A numeric argument to M-q
tells it to justify the text
as well as filling it. This means that extra spaces are inserted to
make the right margin line up exactly at the fill column. To remove
the extra spaces, use M-q
with no argument. (Likewise for
fill-region
.)
The maximum line width for filling is specified by the buffer-local
variable fill-column
. The default value (see Local Variables) is
70. The easiest way to set fill-column
in the current buffer
is to use the command C-x f
( set-fill-column
). With a
numeric argument, it uses that as the new fill column. With just
C-u
as argument, it sets fill-column
to the current
horizontal position of point.
The command M-x center-line
centers the current line
within the current fill column. With an argument n, it centers
n lines individually and moves past them. This binding is
made by Text mode and is available only in that and related modes
(see Text Mode).
By default, Emacs considers a period followed by two spaces or by a
newline as the end of a sentence; a period followed by just one space
indicates an abbreviation, not the end of a sentence. Accordingly,
the fill commands will not break a line after a period followed by
just one space. If you set the variable
sentence-end-double-space
to nil
, the fill commands will
break a line after a period followed by one space, and put just one
space after each period. See Sentences, for other effects and
possible drawbacks of this.
If the variable colon-double-space
is non- nil
, the
fill commands put two spaces after a colon.

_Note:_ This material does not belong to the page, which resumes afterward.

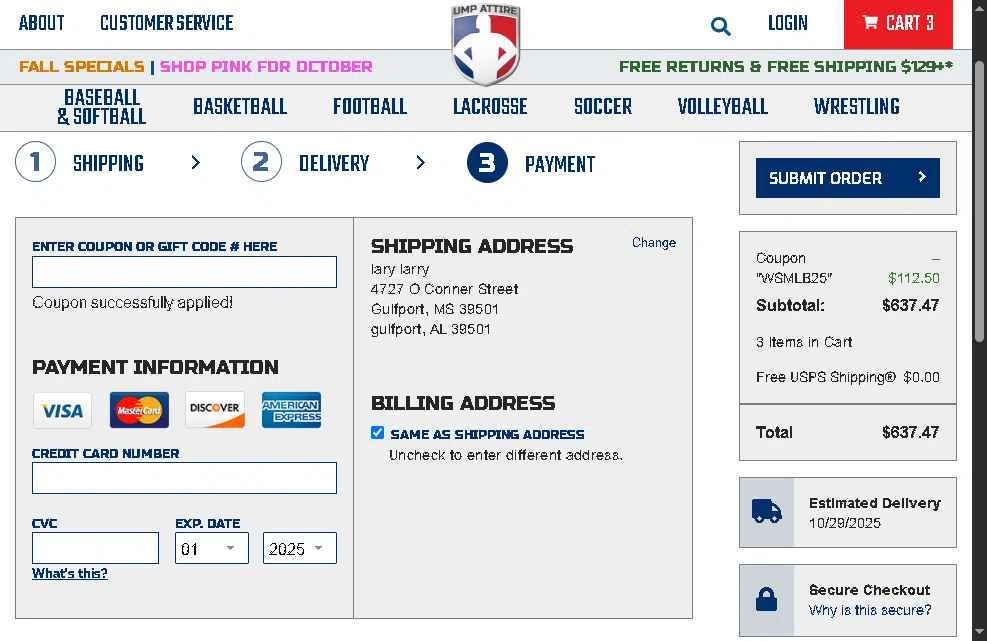 Ump-Attire checkout page showing Ump-Attire promo code box | Screenshot taken by SimplyCodes community member on Oct 23, 2025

To specify additional conditions where line-breaking is not allowed,
customize the abnormal hook variable fill-nobreak-predicate
(see Hooks). Each function in this hook is called with no
arguments, with point positioned where Emacs is considering breaking a
line. If a function returns a non- nil
value, Emacs will not
break the line there. Functions you can use there include:
fill-single-word-nobreak-p
(don’t break after the first word of
a sentence or before the last); fill-single-char-nobreak-p
(don’t break after a one-letter word preceded by a whitespace
character); fill-french-nobreak-p
(don’t break after ‘ (
’
or before ‘ )
’, ‘ :
’ or ‘ ?
’); and
fill-polish-nobreak-p
(don’t break after a one letter word,
even if preceded by a non-whitespace character).
Emacs can display an indicator in the fill-column
position
using the Display fill column indicator mode (see display-fill-column-indicator).